Руччелаи уже набрал в грудь воздуха, чтобы ответить, но осекся под тяжелым взглядом д’Эпернона. В самом деле, положение герцога было еще сложнее: король лишил его всех титулов и должностей и практически был с ним в состоянии войны. Хлопнув ладонью по столу, Мария закрыла заседание совета. Едва дождавшись, пока все откланяются и разойдутся, она поспешила к Ришелье.
Епископ боком сидел в кресле, опершись на подлокотник и устало прикрыв глаза рукой. Дебурне вместе с другим слугой распаковывали и раскладывали вещи. При появлении королевы Ришелье привстал, но Мария жестом велела ему оставаться на месте. Она присела на стул и осведомилась, как епископ перенес дорогу.
— По правде сказать, тяжело, — ответил тот. — Двадцать дней в пути, в самую распутицу… К тому же меня арестовали в Лионе.
— Арестовали?!
— Представьте себе! По обвинению в государственной измене, хотя у меня при себе было письмо короля. Ночь пришлось провести в караульной. По счастью, утром приехал губернатор д’Аленкур, узнал меня и отпустил.

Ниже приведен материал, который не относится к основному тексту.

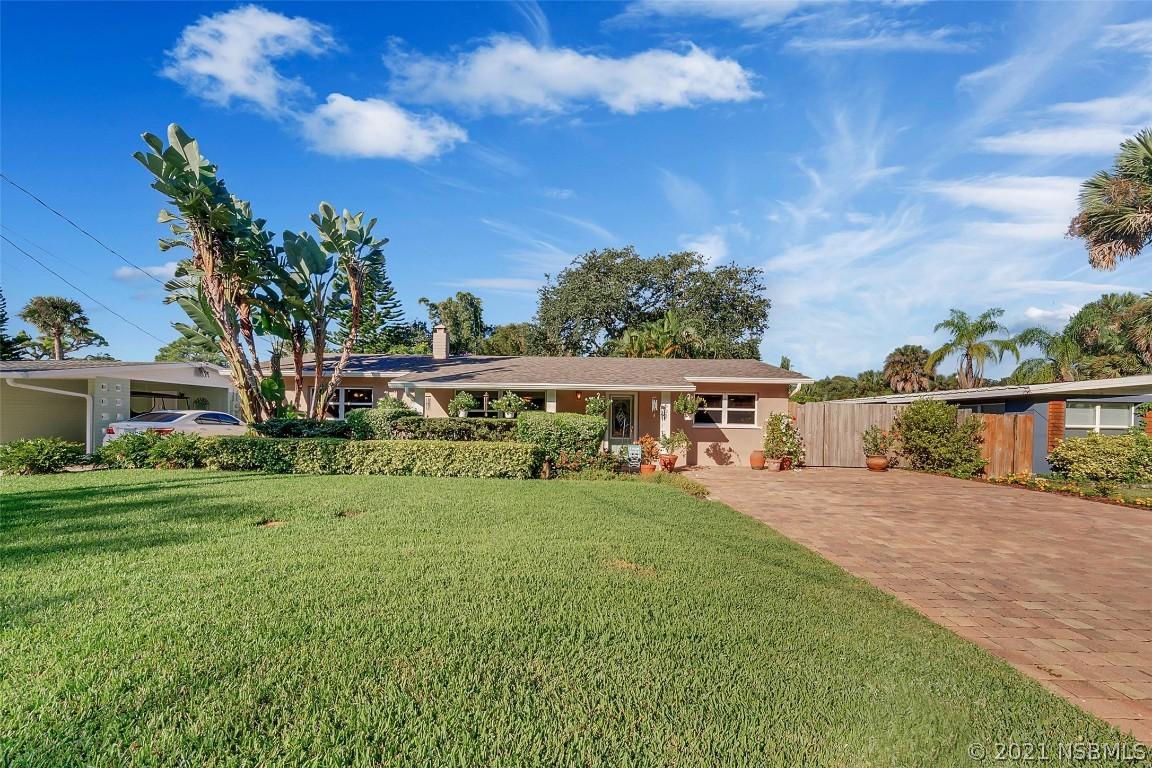 602 Goodwin Ave., New Smyrna Beach, FL 32169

Задав еще пару вежливых вопросов, ответы на которые ее не интересовали, королева принялась рассказывать историю своего побега. Она не могла усидеть на месте и ходила по комнате, бурно жестикулируя. Ришелье слушал, полуприкрыв глаза и слегка покачивая головой. Виновником всех бед Мария называла Люиня. Она с таким праведным гневом обличала произвол временщика, забравшего власть над ее сыном, будто сама семь лет не была игрушкой в руках итальянского авантюриста и его жены. По словам королевы, единственным ее желанием было воссоединиться с сыном и жить с ним в любви и согласии. Обо всем этом она писала королю, а также в памфлетах, которые печатались и распространялись от ее имени, но Людовик в ответ лишь занял Блуа и прислал ей короткое послание, сообщая, что непременно вырвет ее из рук коварного похитителя д’Эпернона. Закончив свой эмоциональный рассказ, Мария спросила, что обо всем этом думает Ришелье.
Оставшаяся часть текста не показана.